Last week Pentacle embarked on its new MetroSTEP project— an initiative in collaboration with presenters to more fully engage and expand their audiences during our Metropolitan Intersections artists’ performances and residencies, made possible through a generous grant from DanceUSA’s Engaging Dance Audiences (EDA) program. We are beginning by shooting video interviews with each company on the Metro Intersections roster in an attempt to investigate the creative drive behind their work. We started with Pasion y Arte, an all-female flamenco company based in Philadelphia.
Because this company is based outside of New York, we were on a tight schedule in order to film both a rehearsal as well as an interview before the artistic director, Elba Hevia y Vaca, needed to board her bus back to Philadelphia. We began at the rehearsal space where Elba and her dancers were in the midst of perfecting their current work, Complices, a dance full of angst as well as humor, choreographed by the great contemporary Spanish choreographer Rosario Toledo. Despite cramped quarters, a temperature that was slightly too high to be altogether comfortable, and smudged mirrors, the videographer, Victoria Sendra managed to shoot some powerful film. The women work together beautifully, offering advice and corrections to each other in order to create a seamless and emotional work of art.

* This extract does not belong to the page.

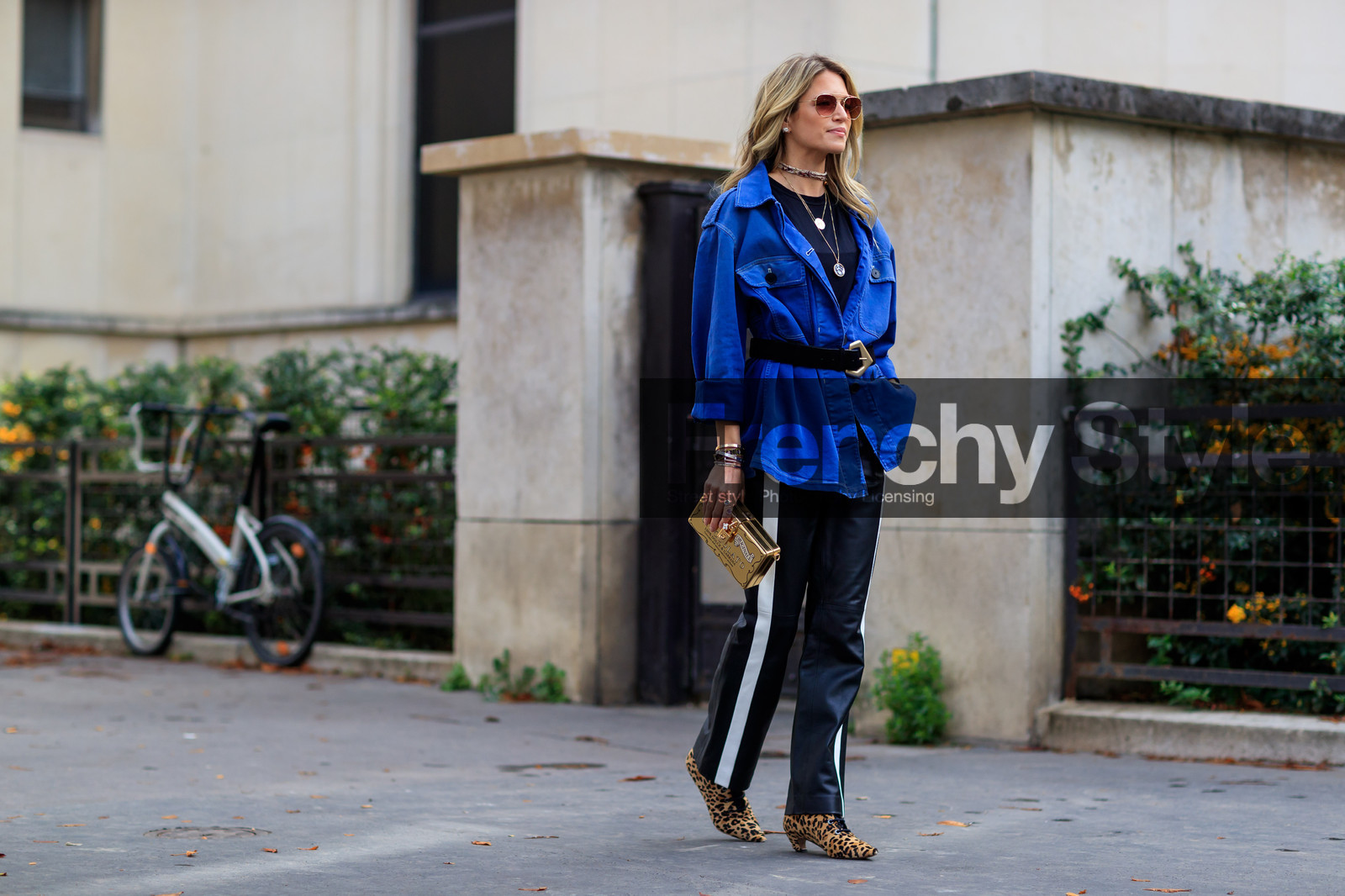 animal print, atmosphere details, black belt, black pants, blue jacket, brown shoes, fashion week, frenchystyle, full length, FW, gold bag, graphic bag, graphic pants, high heels, horizontal, jonathan paciullo, leather bag, leather pants, leather shoes, leopard print, necklace, PARIS, PFW, printed bag, printed pants, printed shoes, SPRING SUMMER 2018, SS 18, street style, striped pants, sunglasses, trousers, helena bordon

From the studio we took a cab through ridiculous New York City traffic to another space to set up for the interview portion of the video. Luckily, the light in the studio illuminated Elba beautifully and we were able to capture her love and passion for Flamenco. She sees Flamenco as primarily an art form of emotion; despite its reputation for darkness and melancholy, Flamenco addresses not only sadness but also comedy and happiness. The Flamenco of Pasion y Arte, apart from its obvious artistic merits, also seeks to empower women—the company’s main mission has always been dedicated to emphasizing female power and resilience. Throughout Elba’s interview, it was plain that Flamenco affects its viewers in a deep and intense manner, encouraging the audience to explore their own emotions and thoughts in a new, creative way. Elba’s enthusiasm and love for her art is contagious and will no doubt be obvious to all who watch her dance as well as her film.